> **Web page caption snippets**
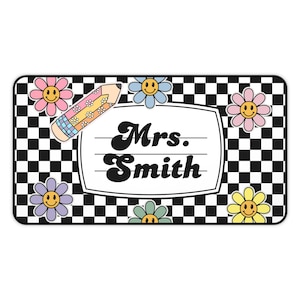 Teacher Desk Mat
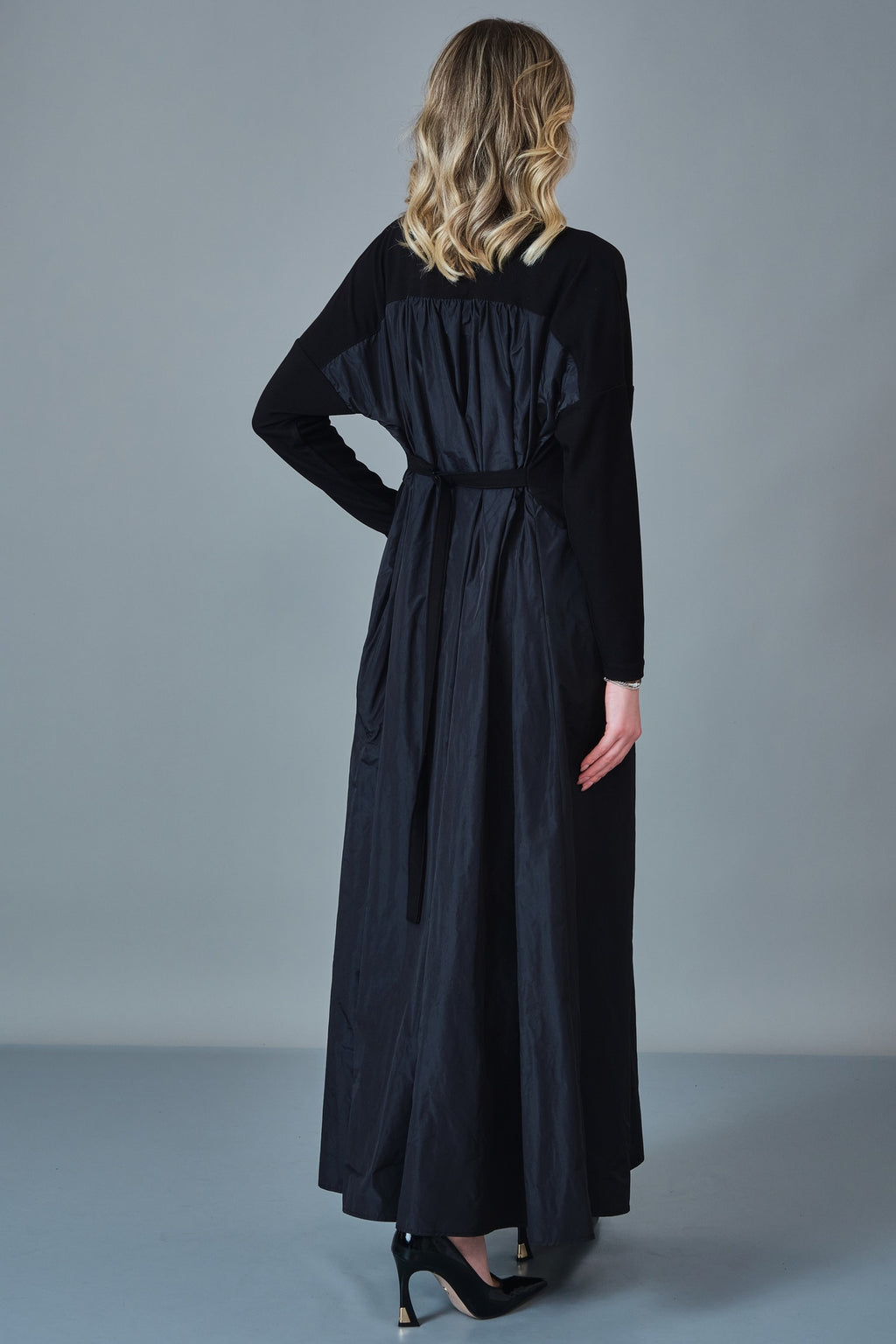 Allblack - Regular Size Dress (ALL27K5001)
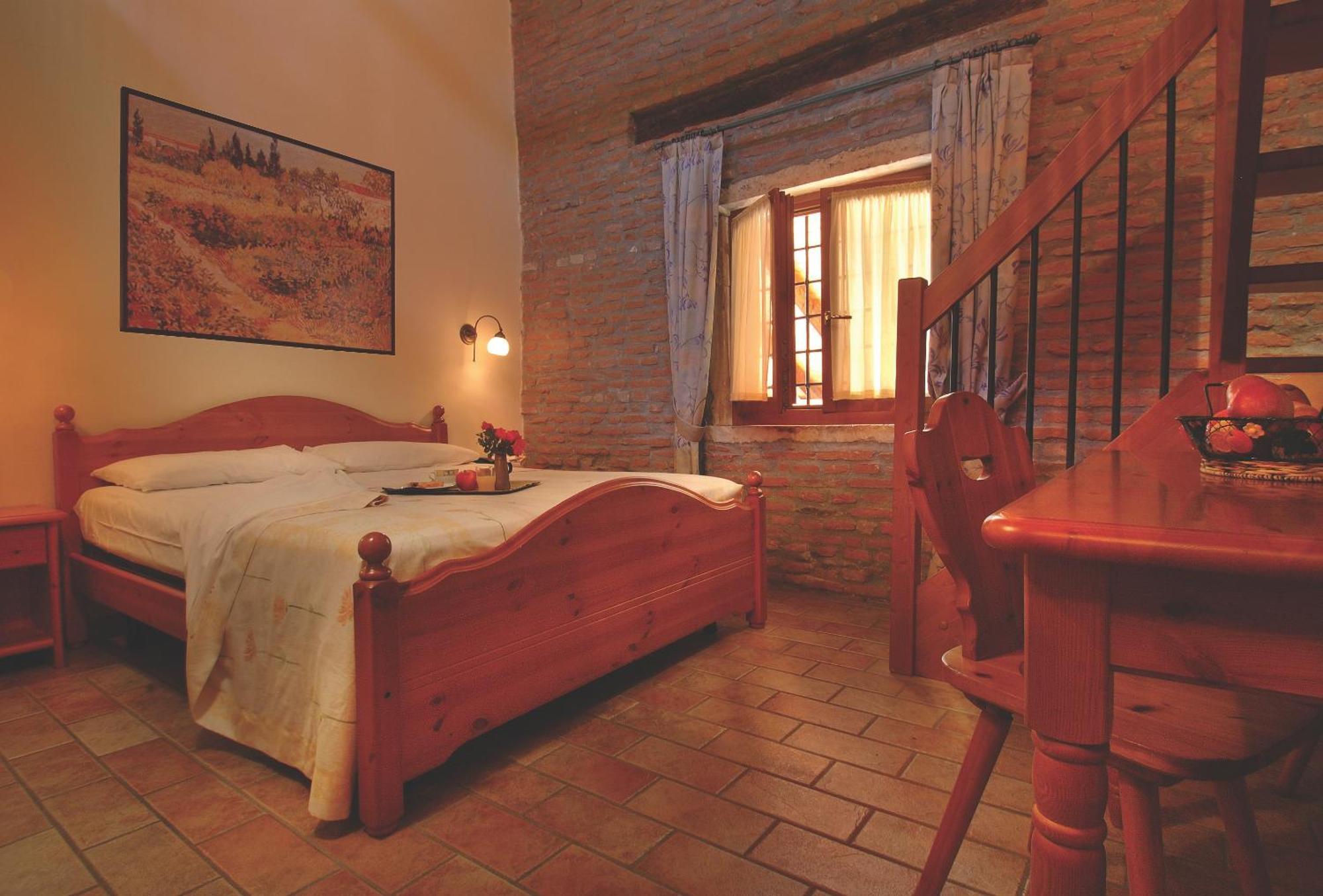 Agriturismo Il Palazzone Montegalda Eksteriør billede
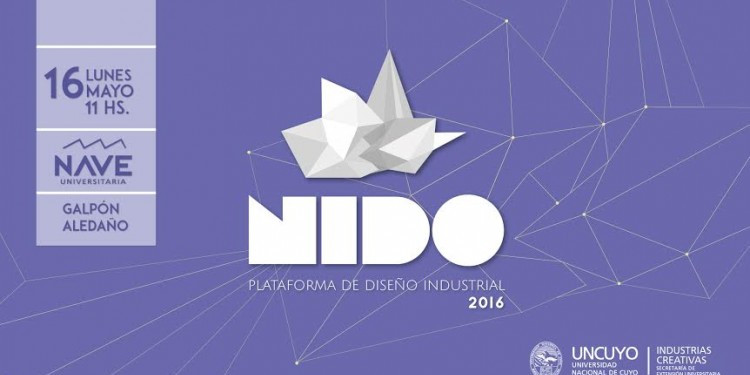 NIDO, una plataforma para diseñadores industriales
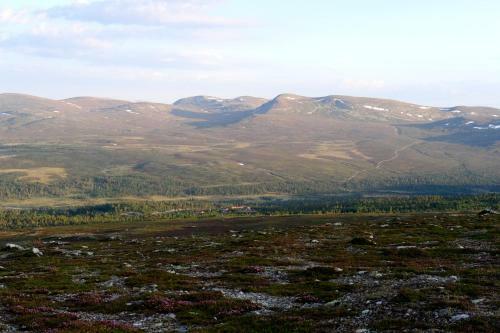 Hotel Stf Gr�velsj�n Fj�llstation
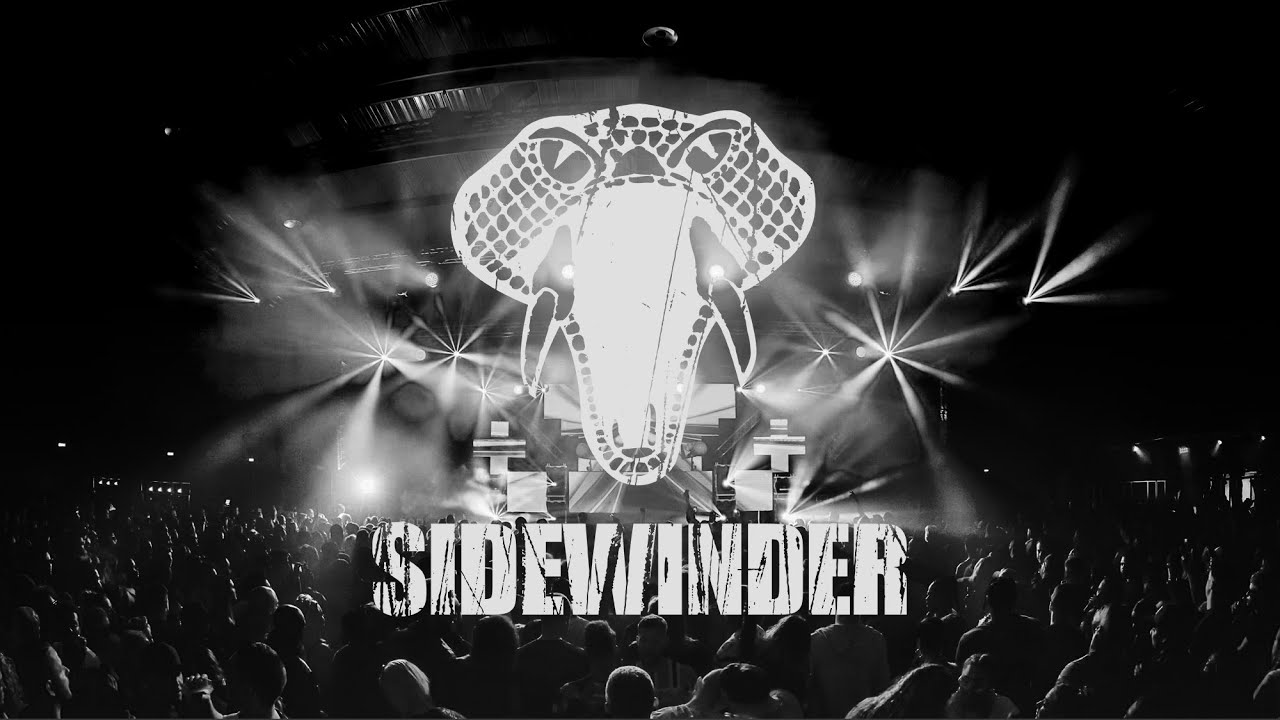 Sidewinder - Boy Better Know - Brunel Rooms (2006)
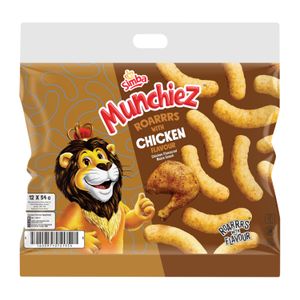 Simba Chip Chicken (54g)
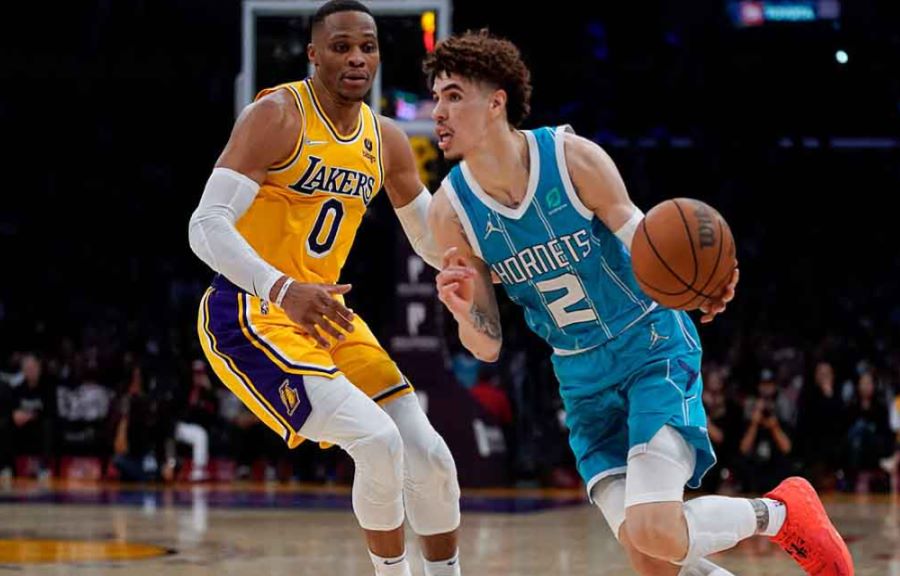 NBA partite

> **Instructions to follow**
Output, exactly and without pictures, the span of lines that starts at the line containing "Allblack - Regular Size Dress (ALL27K5001)" and ends at the last line above.

> **Reply**
 Allblack - Regular Size Dress (ALL27K5001)
 Agriturismo Il Palazzone Montegalda Eksteriør billede
 NIDO, una plataforma para diseñadores industriales
 Hotel Stf Gr�velsj�n Fj�llstation
 Sidewinder - Boy Better Know - Brunel Rooms (2006)
 Simba Chip Chicken (54g)
 NBA partite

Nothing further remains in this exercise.